In the Spring and Fall, when we have the back door open and there's only a screen between us and the bears, I try to remember to close it in the evening. I don't open the bottom window of a first floor double hung window either to make it very difficult for bears to climb in. Our windows are up pretty high, but on some houses even the top sash is too low. We live on a pretty dry mesa, but it's only a mile to some water, bears are curious animals, and will follow deer for a meal. There's lots of deer here. I've never seen a bear or a mountain lion around our house, but three miles away in a well watered canyon, I have seen them.

Camping in a watered canyon in the midst of a desert or just a very dry area, is probably camping amongst game trails. Prey come to the canyon for water and plant life to eat. Predators come for prey. You get between them, or along the trail the resident bear uses, you are going to be checked out. The local mountain lion is also checking you out, but you will hardly ever see him or her, and it would be highly unusual for a mountain lion to come to a trailer unless you leave lunch outside—i.e, your dog. Coyotes also like lunch. Mountain lions hunt from high places—overhangs, large boulders and trees—not from the ground around trailers. Bears do whatever they want to, but generally avoid humans unless we encourage them to visit.

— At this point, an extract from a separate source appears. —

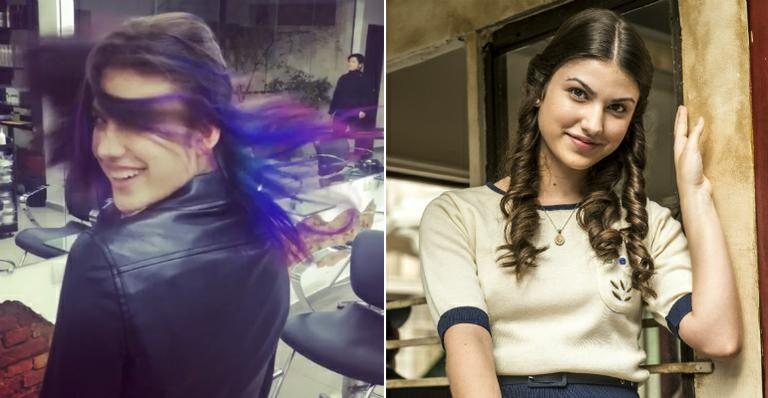 Giovanna Grigio passa a tesoura no cabelo e faz mechas azul - Instagram e TV Globo/Divulgação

I'm guessing Carol's visitor was just curious. There's plenty of food in mid summer for bears although a little snack would have been appreciated. But if this bear has been fed by humans, it has been trained to be unafraid and to rely on humans and that will eventually result in its being killed. If humans habitually leave garbage at a campground, or the garbage containers are not bear proof, bears will figure it out. Considering how many bears there are and how some people ask for it (I don't mean Carol), there are very few bear attacks on humans. More often they make a mess of personal property.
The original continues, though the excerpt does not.